───── EXTRACTED RECORDS ─────

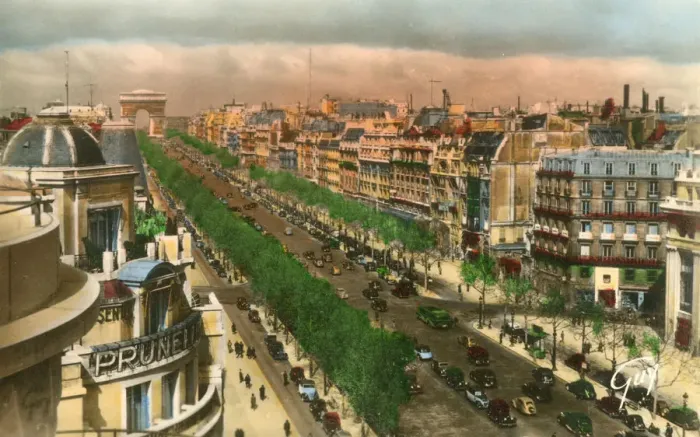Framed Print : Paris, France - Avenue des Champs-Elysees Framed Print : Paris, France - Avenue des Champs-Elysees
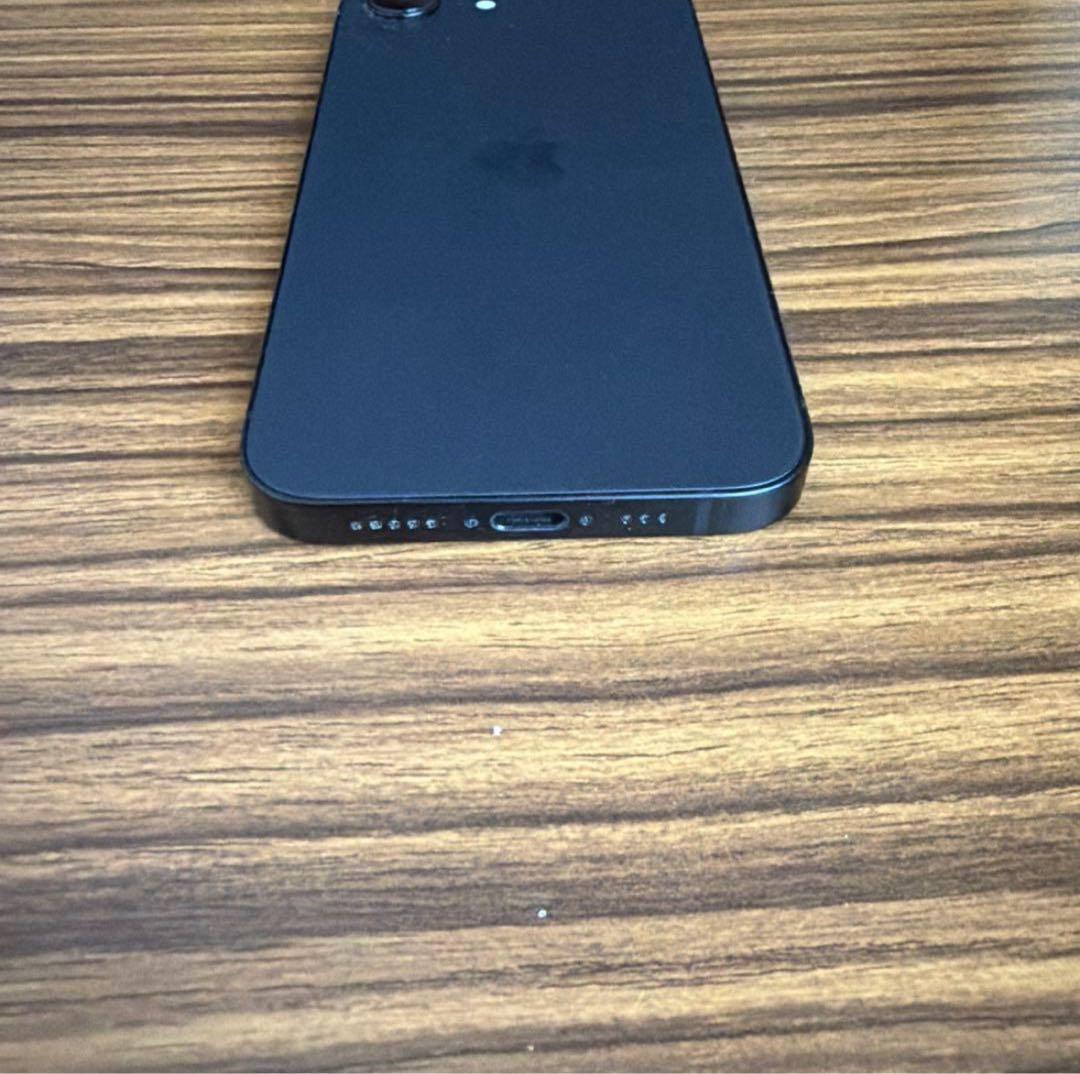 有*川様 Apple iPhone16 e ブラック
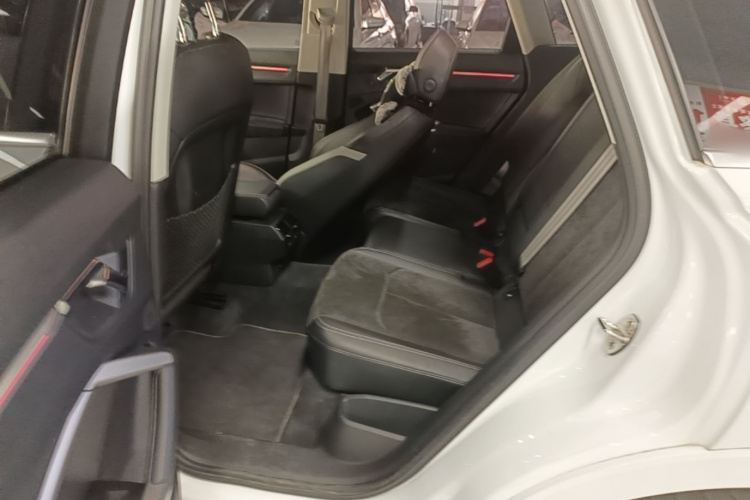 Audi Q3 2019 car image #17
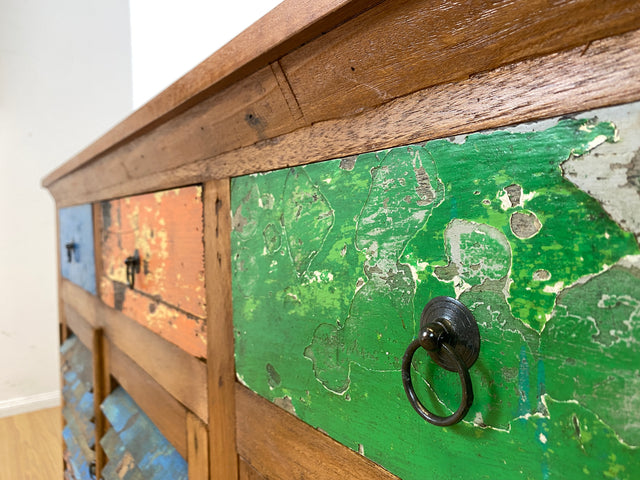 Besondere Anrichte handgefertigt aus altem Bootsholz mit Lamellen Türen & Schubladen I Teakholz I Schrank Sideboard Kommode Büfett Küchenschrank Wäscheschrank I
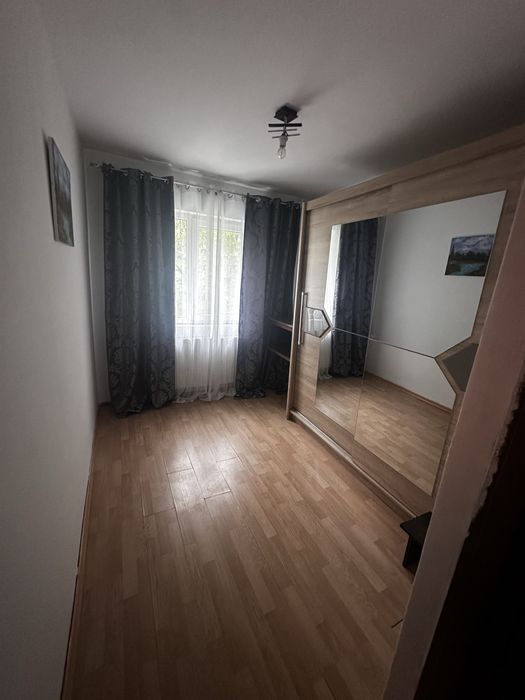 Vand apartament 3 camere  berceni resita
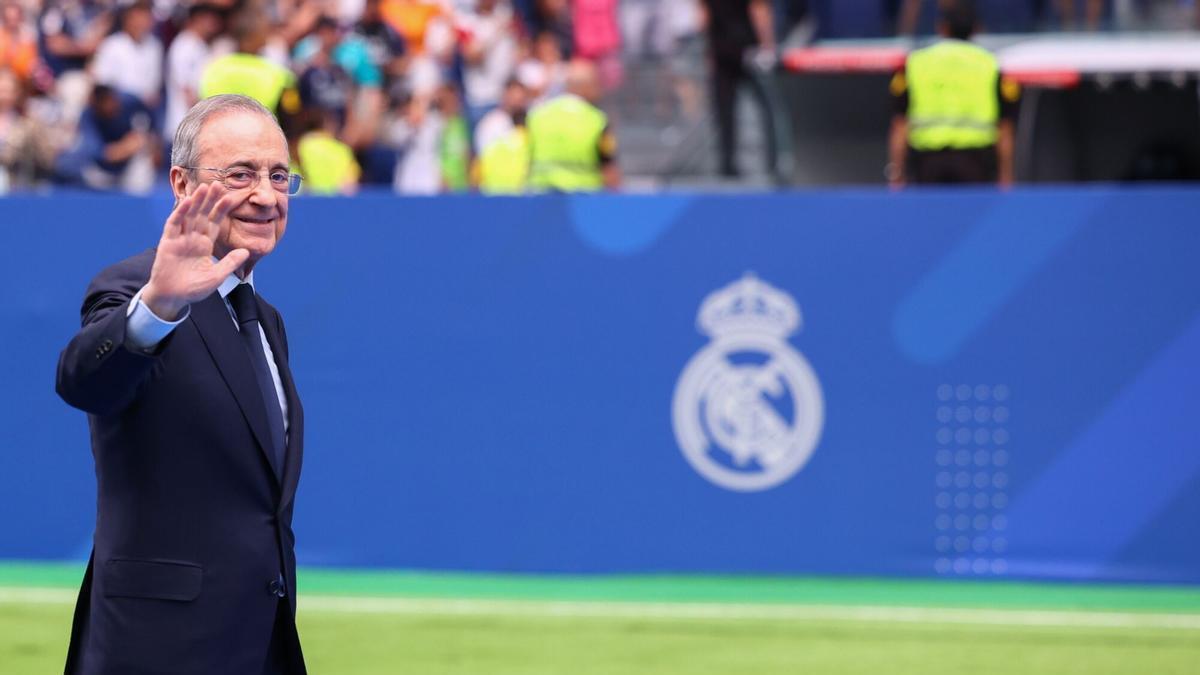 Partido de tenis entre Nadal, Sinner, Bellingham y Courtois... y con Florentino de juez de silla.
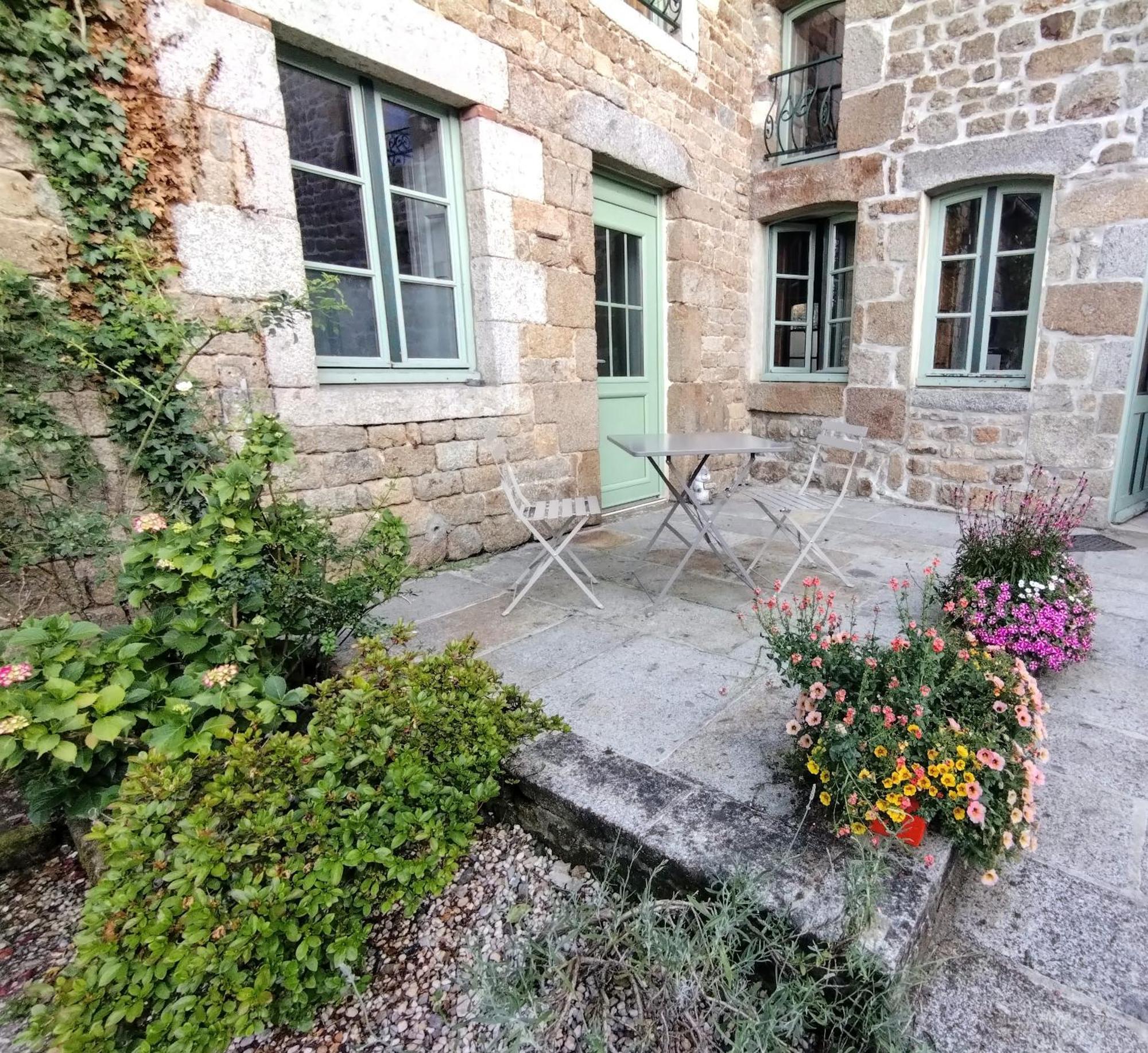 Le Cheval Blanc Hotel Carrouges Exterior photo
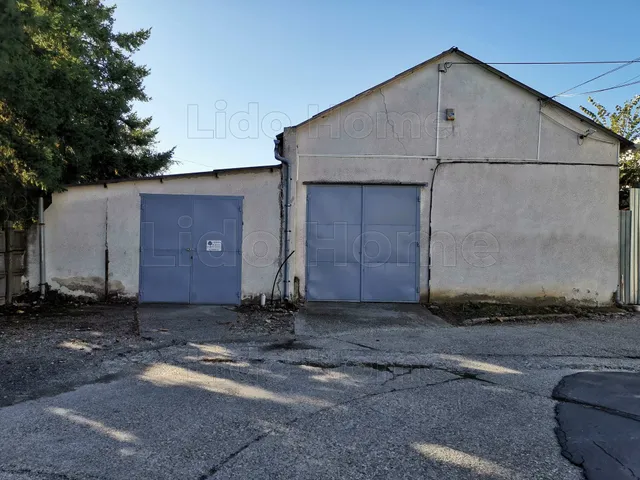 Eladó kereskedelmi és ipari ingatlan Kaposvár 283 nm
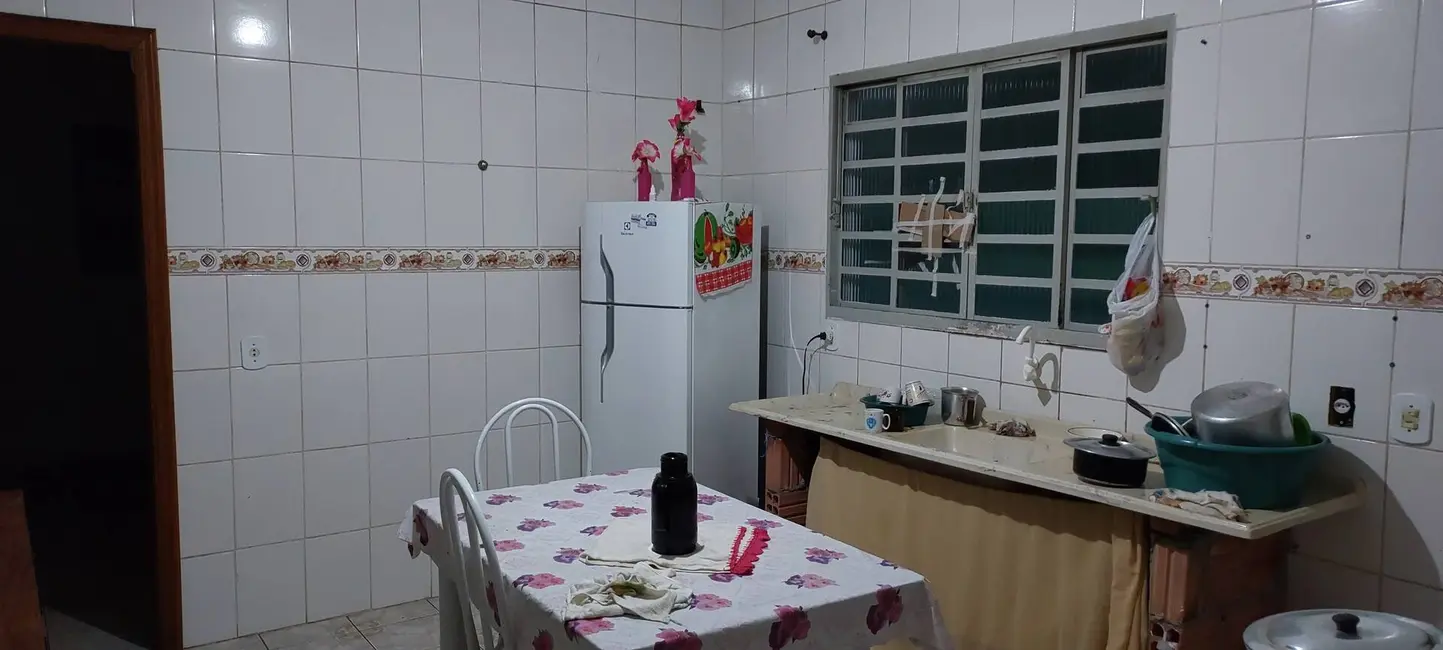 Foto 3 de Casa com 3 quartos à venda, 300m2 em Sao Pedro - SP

─────

With the pictures left out, please output each line from the one containing "有*川様 Apple iPhone16 e ブラック" through the end of the entries, exactly as it is.

* **ANSWER TO THE EXERCISE**
 有*川様 Apple iPhone16 e ブラック
 Audi Q3 2019 car image #17
 Besondere Anrichte handgefertigt aus altem Bootsholz mit Lamellen Türen & Schubladen I Teakholz I Schrank Sideboard Kommode Büfett Küchenschrank Wäscheschrank I
 Vand apartament 3 camere  berceni resita
 Partido de tenis entre Nadal, Sinner, Bellingham y Courtois... y con Florentino de juez de silla.
 Le Cheval Blanc Hotel Carrouges Exterior photo
 Eladó kereskedelmi és ipari ingatlan Kaposvár 283 nm
 Foto 3 de Casa com 3 quartos à venda, 300m2 em Sao Pedro - SP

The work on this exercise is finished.